皆さんこんにちは、寒い日が続きますが、そろそろ暖かくなって欲しいですね。インフルエンザが流行っているので気を付けてください。
今回は、Oracle Database In-Memory(DBIM)の続きとして、Oracle Real Application Clusters(RAC)環境について説明しようと思います。RAC環境では、複数のインスタンスをどのように効果的に使用するかが重要になります。そのため今回は、耐障害性やチューニングなども含めて説明していますので、参考にしてください。
1. RAC環境のDBIM
まずは、RAC環境でのDBIMの特徴と注意点について説明します(RACの概要については第2回を参照してください)。
RAC環境では、すべてのインスタンスを効果的に使用するために、以下のようにそれぞれのインスタンスにデータを分散して、インメモリ列ストア(IM列ストア)領域に格納するので、どのように分散するかを意識して使用する必要があります(以下の図は、パーティション単位で分散している場合です)。

このときインメモリ領域(INMEMORY_SIZE初期化パラメータ)は、それぞれのインスタンスで指定できますが、すべてのインスタンスで同じ値にするのが推奨になります。INMEMORY_SIZEを0に設定することで、IM列ストアを使用しないインスタンスを作成することもできます。
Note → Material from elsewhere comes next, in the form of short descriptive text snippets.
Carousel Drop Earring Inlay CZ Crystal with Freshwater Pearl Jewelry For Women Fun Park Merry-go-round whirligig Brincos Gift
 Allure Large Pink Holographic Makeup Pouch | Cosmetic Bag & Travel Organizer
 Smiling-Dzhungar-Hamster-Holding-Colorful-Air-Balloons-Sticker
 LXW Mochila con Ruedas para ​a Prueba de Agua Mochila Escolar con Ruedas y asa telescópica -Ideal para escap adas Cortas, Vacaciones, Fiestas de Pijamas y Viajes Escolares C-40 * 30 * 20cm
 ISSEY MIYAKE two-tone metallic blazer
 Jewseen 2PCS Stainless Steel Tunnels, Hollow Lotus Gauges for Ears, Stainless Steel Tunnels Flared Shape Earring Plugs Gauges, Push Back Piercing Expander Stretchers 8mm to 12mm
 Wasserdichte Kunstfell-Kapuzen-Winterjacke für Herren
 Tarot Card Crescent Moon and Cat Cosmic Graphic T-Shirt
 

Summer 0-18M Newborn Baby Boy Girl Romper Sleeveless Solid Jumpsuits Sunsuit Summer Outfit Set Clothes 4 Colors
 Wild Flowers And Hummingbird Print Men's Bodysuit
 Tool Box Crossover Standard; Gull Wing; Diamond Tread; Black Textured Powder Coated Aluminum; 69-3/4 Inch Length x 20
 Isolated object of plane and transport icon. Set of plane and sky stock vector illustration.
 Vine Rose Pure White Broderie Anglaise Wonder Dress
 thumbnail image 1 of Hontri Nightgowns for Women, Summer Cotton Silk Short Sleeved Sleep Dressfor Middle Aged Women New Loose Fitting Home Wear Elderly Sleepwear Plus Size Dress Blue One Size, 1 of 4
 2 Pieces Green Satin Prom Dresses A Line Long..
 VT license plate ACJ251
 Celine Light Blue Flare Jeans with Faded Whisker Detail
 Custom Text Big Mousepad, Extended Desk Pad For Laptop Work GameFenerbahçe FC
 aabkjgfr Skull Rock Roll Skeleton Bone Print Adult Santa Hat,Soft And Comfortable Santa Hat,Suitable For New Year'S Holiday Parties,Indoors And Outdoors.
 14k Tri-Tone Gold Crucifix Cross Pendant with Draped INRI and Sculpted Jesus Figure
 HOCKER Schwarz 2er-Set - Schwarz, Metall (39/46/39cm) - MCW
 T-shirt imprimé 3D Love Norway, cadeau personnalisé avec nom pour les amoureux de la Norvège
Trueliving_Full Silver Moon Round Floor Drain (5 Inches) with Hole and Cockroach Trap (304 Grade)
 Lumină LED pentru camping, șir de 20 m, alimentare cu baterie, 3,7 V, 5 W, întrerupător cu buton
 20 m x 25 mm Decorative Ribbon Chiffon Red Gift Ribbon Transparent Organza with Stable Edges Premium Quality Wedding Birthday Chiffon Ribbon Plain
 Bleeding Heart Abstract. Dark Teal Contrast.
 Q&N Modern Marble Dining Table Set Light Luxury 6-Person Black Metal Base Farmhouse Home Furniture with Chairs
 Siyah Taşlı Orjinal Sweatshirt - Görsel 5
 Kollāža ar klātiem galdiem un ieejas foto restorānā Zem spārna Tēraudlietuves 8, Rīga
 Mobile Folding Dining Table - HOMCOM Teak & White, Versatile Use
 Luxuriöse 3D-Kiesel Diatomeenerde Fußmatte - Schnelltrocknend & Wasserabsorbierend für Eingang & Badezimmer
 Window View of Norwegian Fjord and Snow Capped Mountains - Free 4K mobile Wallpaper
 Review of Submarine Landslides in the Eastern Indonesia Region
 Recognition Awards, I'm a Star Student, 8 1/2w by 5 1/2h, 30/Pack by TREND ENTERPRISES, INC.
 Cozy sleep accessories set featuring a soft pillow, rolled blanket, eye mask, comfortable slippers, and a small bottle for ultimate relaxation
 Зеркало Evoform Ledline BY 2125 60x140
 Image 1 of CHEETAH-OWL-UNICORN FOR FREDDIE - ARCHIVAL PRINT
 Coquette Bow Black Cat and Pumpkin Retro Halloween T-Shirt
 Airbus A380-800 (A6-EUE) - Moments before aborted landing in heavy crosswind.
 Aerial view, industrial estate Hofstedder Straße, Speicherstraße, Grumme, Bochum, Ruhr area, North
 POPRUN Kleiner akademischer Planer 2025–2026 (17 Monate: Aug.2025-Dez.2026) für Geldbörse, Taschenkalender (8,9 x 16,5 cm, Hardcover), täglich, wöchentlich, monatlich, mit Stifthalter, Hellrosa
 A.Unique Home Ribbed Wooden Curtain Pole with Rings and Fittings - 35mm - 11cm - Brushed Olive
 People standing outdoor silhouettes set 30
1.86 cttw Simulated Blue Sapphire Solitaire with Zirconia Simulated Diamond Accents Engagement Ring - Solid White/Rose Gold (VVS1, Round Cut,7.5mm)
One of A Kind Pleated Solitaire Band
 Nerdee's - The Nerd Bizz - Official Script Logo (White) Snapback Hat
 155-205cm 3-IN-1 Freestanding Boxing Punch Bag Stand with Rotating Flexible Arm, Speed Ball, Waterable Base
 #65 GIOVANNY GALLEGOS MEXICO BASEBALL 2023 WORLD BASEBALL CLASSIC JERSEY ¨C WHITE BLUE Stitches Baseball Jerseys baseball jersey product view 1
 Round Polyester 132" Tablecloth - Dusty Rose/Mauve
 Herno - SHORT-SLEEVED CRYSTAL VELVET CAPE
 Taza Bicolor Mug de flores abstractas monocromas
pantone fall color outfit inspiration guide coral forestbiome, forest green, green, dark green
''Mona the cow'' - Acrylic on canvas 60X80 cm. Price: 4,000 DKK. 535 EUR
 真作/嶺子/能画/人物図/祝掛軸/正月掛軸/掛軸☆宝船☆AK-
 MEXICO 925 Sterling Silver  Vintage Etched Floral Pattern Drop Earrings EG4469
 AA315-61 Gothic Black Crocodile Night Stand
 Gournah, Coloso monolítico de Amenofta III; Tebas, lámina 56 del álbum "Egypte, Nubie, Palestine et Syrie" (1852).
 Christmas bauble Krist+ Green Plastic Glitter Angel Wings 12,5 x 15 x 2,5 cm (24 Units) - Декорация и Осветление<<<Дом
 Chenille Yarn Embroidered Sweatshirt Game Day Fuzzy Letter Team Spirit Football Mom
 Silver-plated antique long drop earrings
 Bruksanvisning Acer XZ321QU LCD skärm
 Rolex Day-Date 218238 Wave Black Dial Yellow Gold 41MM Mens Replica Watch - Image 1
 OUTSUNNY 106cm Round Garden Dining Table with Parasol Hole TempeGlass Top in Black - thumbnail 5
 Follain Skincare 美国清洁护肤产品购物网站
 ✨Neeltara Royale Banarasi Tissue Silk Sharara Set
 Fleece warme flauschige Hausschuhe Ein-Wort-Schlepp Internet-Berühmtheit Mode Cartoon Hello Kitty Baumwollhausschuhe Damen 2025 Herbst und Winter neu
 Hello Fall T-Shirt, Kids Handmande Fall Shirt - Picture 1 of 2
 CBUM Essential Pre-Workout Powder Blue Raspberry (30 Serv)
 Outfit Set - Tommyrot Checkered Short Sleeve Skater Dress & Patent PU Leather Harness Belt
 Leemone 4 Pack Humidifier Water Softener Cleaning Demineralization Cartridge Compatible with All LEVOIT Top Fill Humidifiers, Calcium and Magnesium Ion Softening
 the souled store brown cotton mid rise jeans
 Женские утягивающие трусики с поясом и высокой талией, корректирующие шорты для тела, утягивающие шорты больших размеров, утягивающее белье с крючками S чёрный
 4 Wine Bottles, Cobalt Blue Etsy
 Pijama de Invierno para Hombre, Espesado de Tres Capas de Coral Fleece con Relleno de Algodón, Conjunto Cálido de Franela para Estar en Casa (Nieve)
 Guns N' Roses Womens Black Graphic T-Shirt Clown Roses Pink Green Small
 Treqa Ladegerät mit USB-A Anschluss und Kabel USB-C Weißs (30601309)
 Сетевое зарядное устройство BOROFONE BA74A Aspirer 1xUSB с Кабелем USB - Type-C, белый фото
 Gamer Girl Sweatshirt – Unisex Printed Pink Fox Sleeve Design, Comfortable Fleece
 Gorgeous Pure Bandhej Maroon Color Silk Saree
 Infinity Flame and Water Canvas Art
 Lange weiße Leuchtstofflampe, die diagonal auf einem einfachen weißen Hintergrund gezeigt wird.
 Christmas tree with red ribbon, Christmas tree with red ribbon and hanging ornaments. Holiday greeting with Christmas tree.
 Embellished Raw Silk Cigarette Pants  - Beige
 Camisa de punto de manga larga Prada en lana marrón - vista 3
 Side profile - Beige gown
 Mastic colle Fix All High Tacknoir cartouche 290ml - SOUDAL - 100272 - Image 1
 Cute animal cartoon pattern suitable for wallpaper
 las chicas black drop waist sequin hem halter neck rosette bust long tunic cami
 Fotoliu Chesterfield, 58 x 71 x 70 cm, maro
データの分散方法は、以下のようにINMEMORY属性のRACオプションDISTRIBUTE句とDUPLICATE句で指定します。
ALTER TABLE <表名> INMMEMORY … [<DISTRIBUTE句>] [<DUPLICATE句>]
(1)DISTRIBUTE句
RAC環境では、各インスタンスでデータ量を均等に分散することが効果的な使用になります。その分散方法を指定するのがこれになり、以下のように指定することが可能です。デフォルトは”DISTRIBUTE AUTO”になります。
- DISTRIBUTE AUTO(自動的に3つの中の最適な分散方法が選択される)
- DISTRIBUTE BY ROWID RANGE(ROWIDの範囲ごとにデータが分散される)
- DISTRIBUTE BY PARTITION(パーティション単位でデータが分散される)
- DISTRIBUTE BY SUBPARTITION(サブ・パーティション単位でデータが分散される)
この分散は、データ構造と起動インスタンス数で決まるため、ポピュレートするインスタンスをユーザーが指定することはできません。基本は、AUTOで問題ありませんが、偏るような場合は手動で行うようにしてください。各インスタンスのIM列ストアのサイズの確認方法は以下になります。SEGMENT_TYPEがTABLE、TABLE_PARTITION、TABLE_SUBPARTITIONになるので、これでどのように分割されているか分かります。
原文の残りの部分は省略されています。